5.1 Line emission as a function of Lbol and Tbol

The differences in the molecular emission signatures for the sources in the sample may be an indication that the chemistry does depend on the physical evolution of the sources, that is to say, the molecular column densities vary as a function of the source bolometric luminosities and temperatures. For the molecular transitions detected towards the source position, the spectrum was extracted from the pixel that corresponds to the peak of the continuum emission (see Table 3), and a Gaussian fit was applied to the line profile (see Fig. C.1). The resulting values are listed in Table 7 and are estimates of the line intensities towards the peak, and not the full integrated emission over the maps. Most of the line profiles show a single central component centred at Vsource. When more than one component is observed, the intensity listed in Table 7 is the sum of all the individual components. For the sources without on-source detection, the 3σ upper limit per 1 km s−1, that is, 0.013 Jy beam−1 km s−1, is used in the comparison.

Figure 12 shows the line intensities from Table 7 as a function of Lbol and Tbol. The binary systems are represented by empty bars in order to distinguish them from the single systems because the former are particularly rich in molecular lines. The binary systems show emission of almost all the transitions presented in Table 2, with the exception of CH3OH. This chemical richness appears to be related to the mass content and extent of the circumbinary discs, in agreement with the results of Murillo et al. (2018).

Considering only the single sources, C17O is seen mostly towards the least luminous ones (see upper left panel of Fig. 12), while the opposite situation is the case for SO2 (lower left panel of Fig. 12). The sources with high bolometric luminosity are associated with high temperatures close to the protostar. This means that for the same continuum flux, the dust mass will be lower for sources with high Lbol, and thus, a lower column density of C17O is expected. On the other hand, SO2 traces a different physical process than C17O and may be related with more energetic processes that are linked to the bolometric luminosity, and thus, the accretion history. If Tbol is taken as an evolutionaryindicator, C17O and C2H emission are associated with the less evolved sources. In particular, Figs. 2, 7, and 12 show a trend between the extent of the C17O and C2H emission and the evolutionary stage of the source. On the other hand, there is no clear correlation between the sources with detected H13CO+ emission and Lbol or Tbol.

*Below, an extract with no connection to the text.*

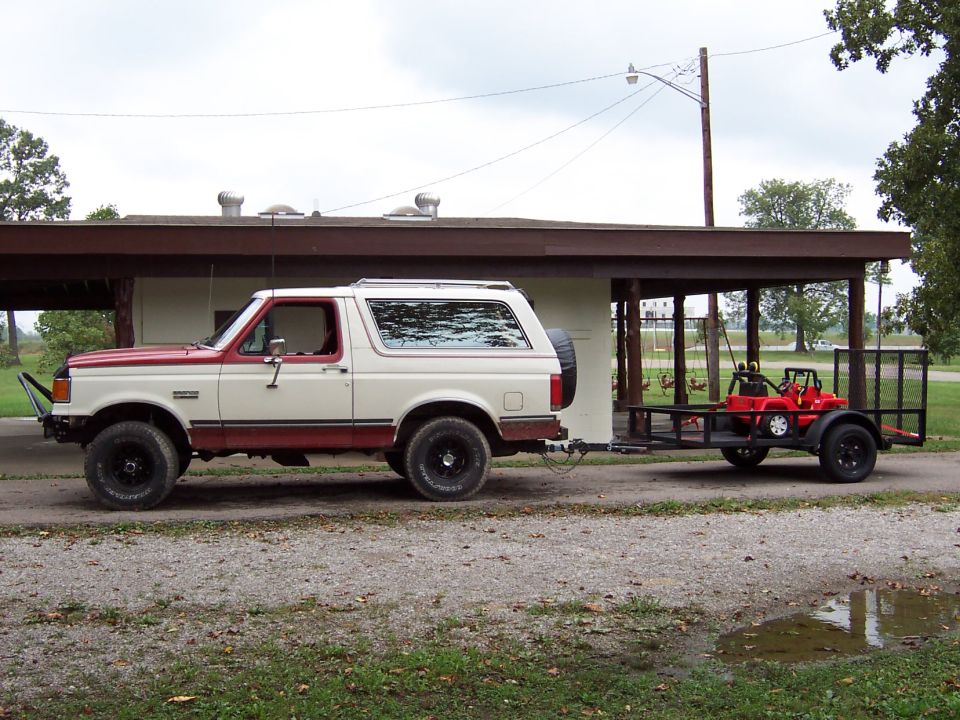 Two-tone Ford Bronco, likely late 80s, towing a trailer with a red Power Wheels car on it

Figure 13 shows the chemical signatures in a plot of Lbol as a function of Tbol for the sources that were observed as part of this study with additional points from the literature: Class 0 sources from Dunham et al. (2015) and Class I sources from Harsono et al. (2014)3. Three groups of sources can be identified based on on-source detections. The least evolved and luminous sources show C17O emission towards the source position, while the more evolved and luminous sources are associated with SO2 emission. In addition, the more evolved sources associated with low luminosities do not show any line detection. As the system evolves from Class 0 to Class I and later to Class II, the envelope mass decreases, leading to a lower gas column density and lines may be harder to detect. This is reflected in the emission of a high-density tracer, such as C17O: the extent of the emission decreases with the evolutionary stage of the source, followed by a non-detection towards the more evolved sources. For the latter, emission of more abundant isotopologues, such as C18O and 13CO, is expected to be seen, as in Class II sources. On the other hand, there is a chemical differentiation between C17O and SO2, where the latter may be tracing a more energetic process that is probably linked to higher accretion rates, which is mostly determined by inner disc properties. Future observations of CO isotopologues and SO2 transitions with different Eu values towards a larger sample of Class I sources will provide a more statistical perspective.

Table 7

Line intensity towards the source position calculated from a Gaussian fit.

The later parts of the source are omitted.